* _Aim of the task_
From the first record to the last, write each one out again exactly.

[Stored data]
== Segment start ==
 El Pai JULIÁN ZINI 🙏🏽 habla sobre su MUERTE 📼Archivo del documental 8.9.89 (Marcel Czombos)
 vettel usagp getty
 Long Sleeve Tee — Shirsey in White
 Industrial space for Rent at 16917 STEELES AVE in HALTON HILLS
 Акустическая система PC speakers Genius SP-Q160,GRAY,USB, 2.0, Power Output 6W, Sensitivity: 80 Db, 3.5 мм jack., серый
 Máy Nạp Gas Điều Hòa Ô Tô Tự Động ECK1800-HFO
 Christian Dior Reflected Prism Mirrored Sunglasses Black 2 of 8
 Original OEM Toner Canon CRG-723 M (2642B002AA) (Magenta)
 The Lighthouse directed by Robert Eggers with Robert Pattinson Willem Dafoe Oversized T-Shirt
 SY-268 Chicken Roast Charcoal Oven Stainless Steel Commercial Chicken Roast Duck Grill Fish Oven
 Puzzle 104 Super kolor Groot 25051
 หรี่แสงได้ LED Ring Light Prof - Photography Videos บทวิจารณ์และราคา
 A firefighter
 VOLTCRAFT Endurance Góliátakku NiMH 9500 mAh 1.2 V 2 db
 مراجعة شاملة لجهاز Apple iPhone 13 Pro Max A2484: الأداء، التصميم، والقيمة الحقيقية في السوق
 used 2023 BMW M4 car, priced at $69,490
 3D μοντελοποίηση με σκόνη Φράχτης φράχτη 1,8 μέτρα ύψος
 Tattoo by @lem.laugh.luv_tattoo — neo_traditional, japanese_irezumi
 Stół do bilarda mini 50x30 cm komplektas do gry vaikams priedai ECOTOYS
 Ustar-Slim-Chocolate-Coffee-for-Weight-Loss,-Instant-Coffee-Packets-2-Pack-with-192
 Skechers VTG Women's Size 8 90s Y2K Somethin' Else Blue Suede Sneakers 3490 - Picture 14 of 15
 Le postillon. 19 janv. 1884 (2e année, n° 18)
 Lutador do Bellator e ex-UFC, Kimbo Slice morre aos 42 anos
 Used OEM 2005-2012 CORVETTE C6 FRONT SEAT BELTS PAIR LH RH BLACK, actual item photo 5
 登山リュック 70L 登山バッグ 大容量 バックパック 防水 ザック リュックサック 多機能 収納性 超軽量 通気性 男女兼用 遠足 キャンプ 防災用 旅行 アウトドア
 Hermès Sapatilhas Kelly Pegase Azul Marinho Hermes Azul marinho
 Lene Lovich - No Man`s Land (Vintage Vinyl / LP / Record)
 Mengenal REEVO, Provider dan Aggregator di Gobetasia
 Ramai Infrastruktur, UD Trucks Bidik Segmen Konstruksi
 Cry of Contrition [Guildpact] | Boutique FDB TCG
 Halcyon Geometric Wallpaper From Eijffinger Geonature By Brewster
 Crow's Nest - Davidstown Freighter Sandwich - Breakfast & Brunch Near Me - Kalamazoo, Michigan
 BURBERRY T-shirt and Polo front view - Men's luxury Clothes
== Segment end ==
* _Exercise response_
 El Pai JULIÁN ZINI 🙏🏽 habla sobre su MUERTE 📼Archivo del documental 8.9.89 (Marcel Czombos)
 vettel usagp getty
 Long Sleeve Tee — Shirsey in White
 Industrial space for Rent at 16917 STEELES AVE in HALTON HILLS
 Акустическая система PC speakers Genius SP-Q160,GRAY,USB, 2.0, Power Output 6W, Sensitivity: 80 Db, 3.5 мм jack., серый
 Máy Nạp Gas Điều Hòa Ô Tô Tự Động ECK1800-HFO
 Christian Dior Reflected Prism Mirrored Sunglasses Black 2 of 8
 Original OEM Toner Canon CRG-723 M (2642B002AA) (Magenta)
 The Lighthouse directed by Robert Eggers with Robert Pattinson Willem Dafoe Oversized T-Shirt
 SY-268 Chicken Roast Charcoal Oven Stainless Steel Commercial Chicken Roast Duck Grill Fish Oven
 Puzzle 104 Super kolor Groot 25051
 หรี่แสงได้ LED Ring Light Prof - Photography Videos บทวิจารณ์และราคา
 A firefighter
 VOLTCRAFT Endurance Góliátakku NiMH 9500 mAh 1.2 V 2 db
 مراجعة شاملة لجهاز Apple iPhone 13 Pro Max A2484: الأداء، التصميم، والقيمة الحقيقية في السوق
 used 2023 BMW M4 car, priced at $69,490
 3D μοντελοποίηση με σκόνη Φράχτης φράχτη 1,8 μέτρα ύψος
 Tattoo by @lem.laugh.luv_tattoo — neo_traditional, japanese_irezumi
 Stół do bilarda mini 50x30 cm komplektas do gry vaikams priedai ECOTOYS
 Ustar-Slim-Chocolate-Coffee-for-Weight-Loss,-Instant-Coffee-Packets-2-Pack-with-192
 Skechers VTG Women's Size 8 90s Y2K Somethin' Else Blue Suede Sneakers 3490 - Picture 14 of 15
 Le postillon. 19 janv. 1884 (2e année, n° 18)
 Lutador do Bellator e ex-UFC, Kimbo Slice morre aos 42 anos
 Used OEM 2005-2012 CORVETTE C6 FRONT SEAT BELTS PAIR LH RH BLACK, actual item photo 5
 登山リュック 70L 登山バッグ 大容量 バックパック 防水 ザック リュックサック 多機能 収納性 超軽量 通気性 男女兼用 遠足 キャンプ 防災用 旅行 アウトドア
 Hermès Sapatilhas Kelly Pegase Azul Marinho Hermes Azul marinho
 Lene Lovich - No Man`s Land (Vintage Vinyl / LP / Record)
 Mengenal REEVO, Provider dan Aggregator di Gobetasia
 Ramai Infrastruktur, UD Trucks Bidik Segmen Konstruksi
 Cry of Contrition [Guildpact] | Boutique FDB TCG
 Halcyon Geometric Wallpaper From Eijffinger Geonature By Brewster
 Crow's Nest - Davidstown Freighter Sandwich - Breakfast & Brunch Near Me - Kalamazoo, Michigan
 BURBERRY T-shirt and Polo front view - Men's luxury Clothes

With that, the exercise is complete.